The move is, in its own way, a conventional outfit. Hypocrisy is a common thing to weaponize—particularly in politics, which makes so many competing demands of its practitioners. One must be authentic, but widely appealing. One must be careful, but relatable. Smart, but not off-puttingly so. Charming, but not trying too hard. And for women politicians, of course, the demands amplify: Attractive, but not too attractive. Put-together, but not excessively. Well dressed, but. Made up, but. Confident, but. The competing demands can transcend one’s party; very occasionally, they can transcend one’s gender. In 2008, Sarah Palin was widely criticized for having spent $150,000 on designer duds to wear on the campaign trail as John McCain’s running mate. (“Sarah Palin, small-town hockey mom and everywoman? More like Sarah Palin, pampered princess,” the Los Angeles Times scoffed of the move.) John Edwards, in the 2008 primary, faced similar accusations after reporting emerged about his expensive haircuts and clothing. (The AP on the matter: “Looking pretty is costing John Edwards’ presidential campaign a lot of pennies.”) And then there is the human catch-22 that is Hillary Clinton, living out the demands of being Hillary Clinton: For decades, pundits have used her sartorial choices as evidence of her unfitness—for the office of the first lady, for a seat in the Senate, for the leadership of the State Department, for the desk in the Oval Office.

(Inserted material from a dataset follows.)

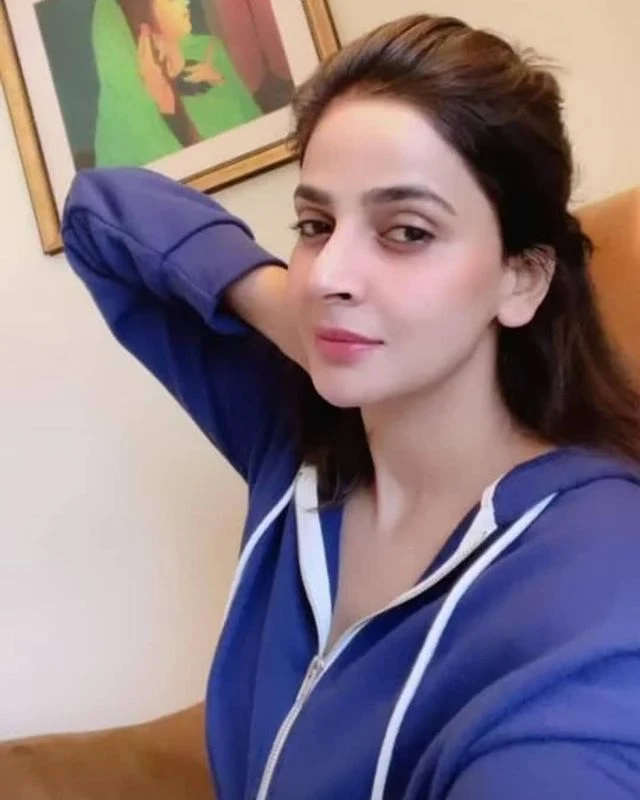 Saba Qamar Hot and gorgeous looks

It’s not about the clothes. It’s never, really, about the clothes. For those who seek power in places that have not previously been welcoming, the clothes can become cudgels. They can serve as an easy shorthand for who belongs, and who does not. They can be ratifications of progress and of backlash, used by people who think they know what power should be, and act like, and look like, and dress like—people attempting to enforce, on and for everyone else, the narrowness of their own perspectives.
This is a time that is challenging that myopia. Ocasio-Cortez, before and since she was elected into office, has been making a point of doing precisely what her campaign promised she would: doing things differently. Not fitting in. The representative-elect has been, along with several other of her fellow freshmen, Instagramming her experiences of the congressional orientation. She has participated in a protest about climate change in the office of Nancy Pelosi. She has drafted legislation on the same subject, as part of her campaign-platformed “Green New Deal.” She has been reveling in disruption, in change, in difference, all the while suggesting that a girl who struggles—and indeed that several such girls, newly elected to the halls of power—will struggle above all to change the appearance of power itself. Which is also to say that Ocasio-Cortez is being treated as a threat, in some quarters, because that is precisely what she is. “Alexandria Ocasio-Cortez Will Push Washington,” the headline of her postelection interview with the Times read. “Will Washington Push Back?”
This week, in the most tedious of ways, the paper got its answer.